**LISTED RECORDS:**
BEGIN

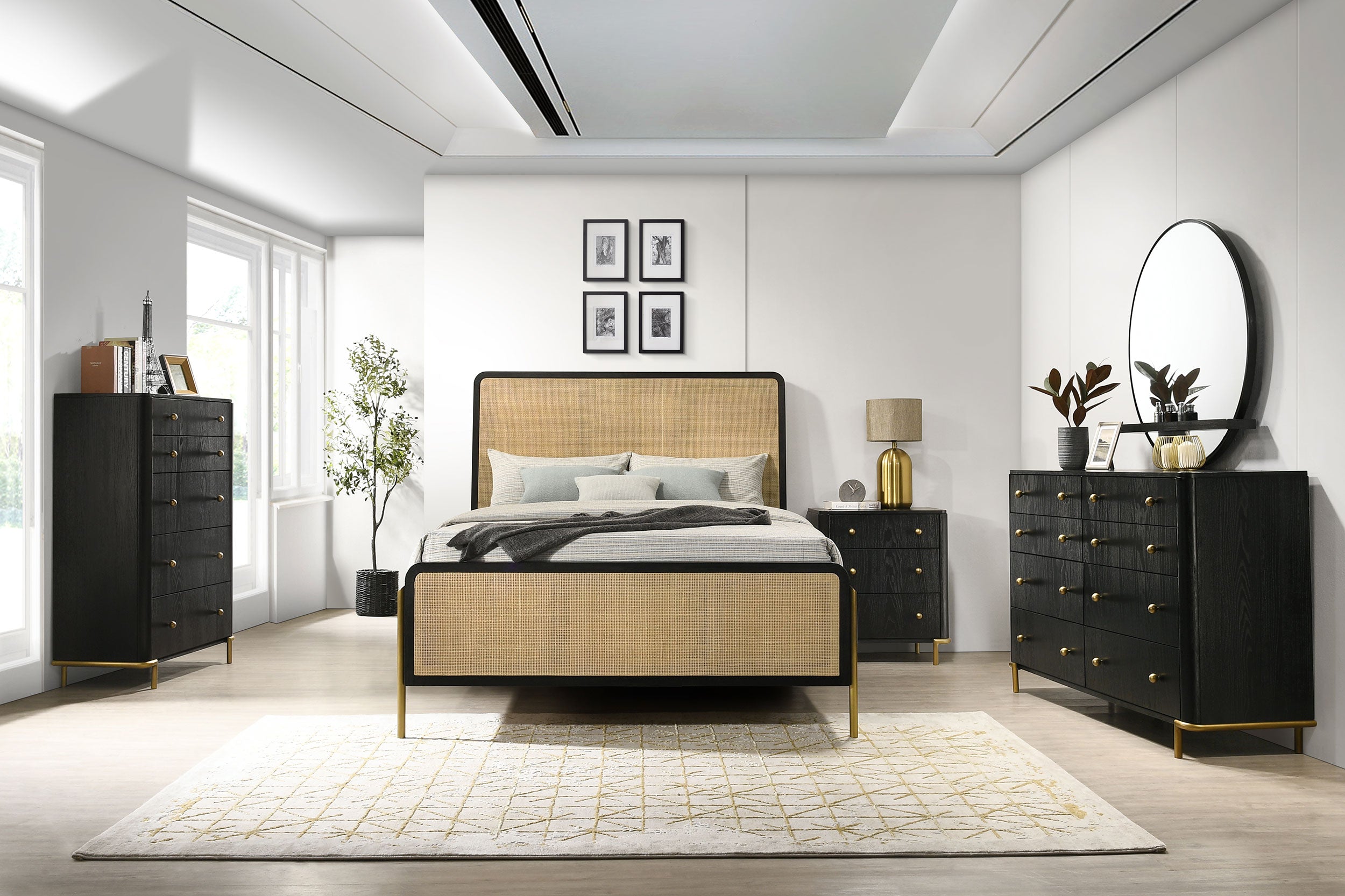 Arini Rattan California King Panel Bed Black and Natural — view 11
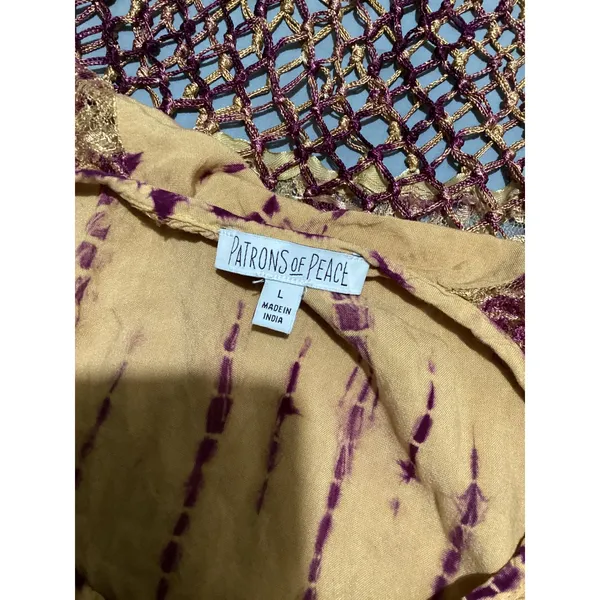 Patrons of Peace Tan Purple Tie Dye Fringe Macrame Tank Top Womens Large L - Image 4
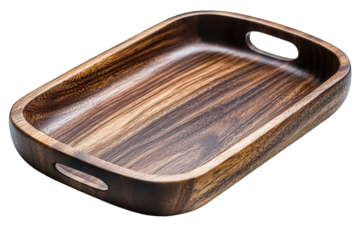 Elegant wooden tray with a smooth finish, perfect for serving food or decorative purposes in any home setting.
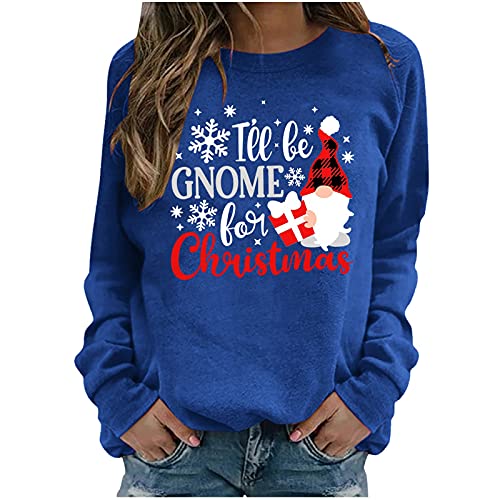 Jersey de Navidad para mujer, suéter divertido para mujer, elegante, invierno, Rudolph, estampado de renos, sudadera larga sin capucha para invierno, suéter de Navidad, tops divertidos, sudaderas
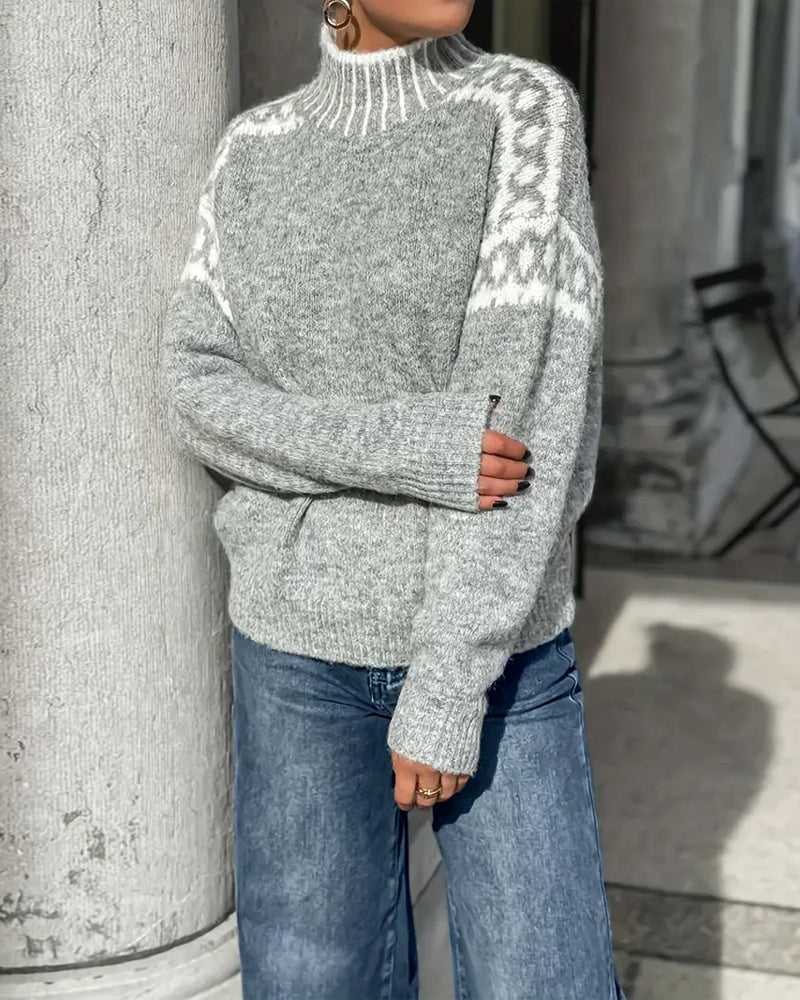 Pullover Damen mit Stehkragen und modischem Design | A&B - 5 - Annoboutique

END

**TASK REQUIREMENTS:** Inclusive range, exact copy: the line containing "Patrons of Peace" through the last line of the listing. Print nothing else, and no pictures.

**EXERCISE RESPONSE:**
 Patrons of Peace Tan Purple Tie Dye Fringe Macrame Tank Top Womens Large L - Image 4
 Elegant wooden tray with a smooth finish, perfect for serving food or decorative purposes in any home setting.
 Jersey de Navidad para mujer, suéter divertido para mujer, elegante, invierno, Rudolph, estampado de renos, sudadera larga sin capucha para invierno, suéter de Navidad, tops divertidos, sudaderas
 Pullover Damen mit Stehkragen und modischem Design | A&B - 5 - Annoboutique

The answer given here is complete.